Code of the District of Columbia

§ 16–4806. Court approval of standby guardian and alternate standby guardian.

(a) The Court shall enter an order approving the designation of the standby guardian if the Court determines that the appointment of the standby guardian is in the best interest of the child. Unless required to hold a hearing pursuant to subsection (i) of this section, the Court shall make its determination that the appointment of the standby guardian is in the best interest of the child based upon:

(1) The facts set forth in the petition; and

(2) A finding that the designator meets the definition of designator as that term is defined in § 16-4802(8).

(b) If requested in the petition, the Court may also approve an alternate standby guardian, identified by the designator, to act as the standby guardian if the current or originally designated standby guardian repudiates the designation, becomes incapacitated, or dies.

(c) The order shall provide that, subject to restoration of the designator’s ability to parent as provided in § 16-4804(b), the authority of the standby guardian to act as legal custodian of the child shall be effective upon the Court’s receipt of, or immediately if the Court is in receipt of, one of the following documents:

(1) The written consent of the designator to the commencement of the standby guardianship;

(2) The determination of incapacity of the designator; or

(3) The designator’s death certificate.

(d) Unless it appears on the face of the petition that requirements of this chapter have not been met, the Court shall grant the petition within 120 days of the filing of the petition, or within 20 days of the filing of proof of notice having been served on parties required to be served pursuant to § 16-4808, whichever occurs first.
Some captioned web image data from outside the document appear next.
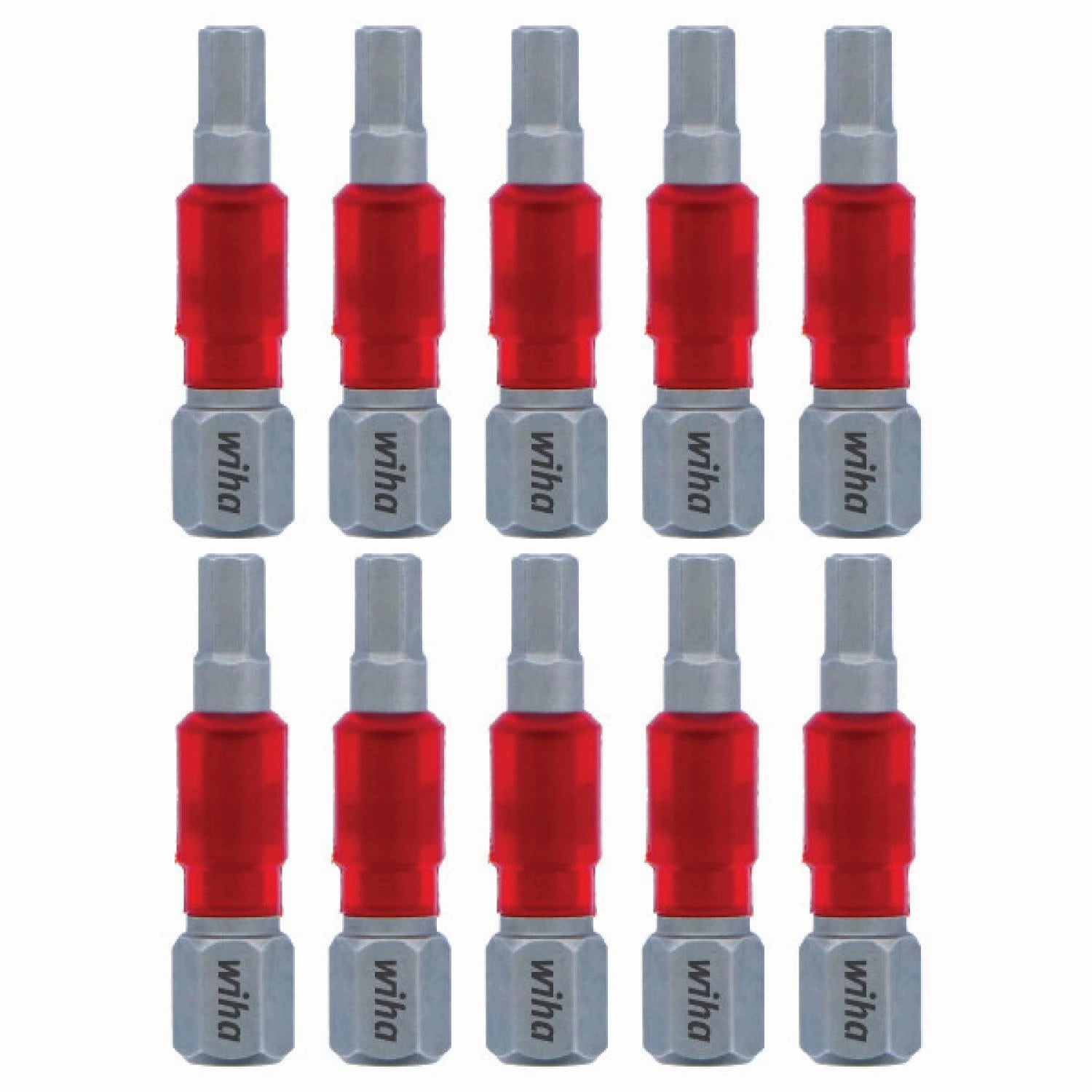 Wiha Tools 76531 MaxxTor Impact Bit Hex 9/64" x 29mm - 10 Pack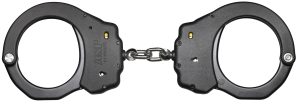 ASP ALUMINUM CHAINLINK ULTRA HANDCUFFS BLACK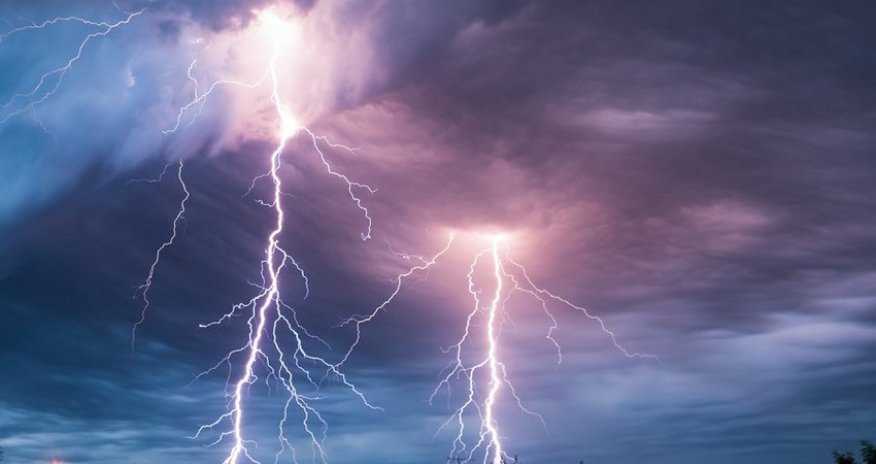 Bəzi yerlərdə şimşək çaxıb - Faktiki hava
If the requirements of this chapter have not been met, the Court shall not dismiss the petition, but shall issue an order to the petitioner to appear in court within 30 days of issuance of the order to remedy the deficiencies in the petition or to show cause why the petition should be granted notwithstanding the deficiencies.

(e) There shall be a rebuttable presumption that Court approval of a standby guardian petition order is in the best interest of the child if:

(1) The designator is the sole surviving parent;

(2) The parental rights of any non-custodial parent have been terminated or relinquished; or

(3) All parties consent to the designation.

(f) A designation of a standby guardian shall constitute a rebuttable presumption that the designated standby guardian is capable of serving as standby guardian.

(g) The designation shall constitute evidence of the designator’s wishes regarding the designator’s children in the same manner as under § 16-911(a)(5).

(h) The Court may approve the designation without a hearing when:

(1) The designator is the sole surviving parent;

(2) The parental rights of any non-custodial parent have been terminated or relinquished;

(3) All parties consent to entry of the approval order; or

(4) The Court finds, after a review of a file, that the requirements of this chapter have been met.

(i) An order approving the standby guardianship shall not be entered without a hearing if:

(1) A noncustodial parent requests a hearing within 20 days of the date the noncustodial parent receives notice of the filing of the petition; or

(2) There is other litigation pending regarding custody of the child.

(j) If a hearing is held, it shall be conducted in accordance with the proceedings set forth in the District of Columbia statutes and rules relating to legal custody.

(k) Fees charged by the Court shall not exceed those fees assessed in a legal custody proceeding.

(l) Except upon motion for good cause shown, the designator is not required to appear in court if the designator is medically unable to appear.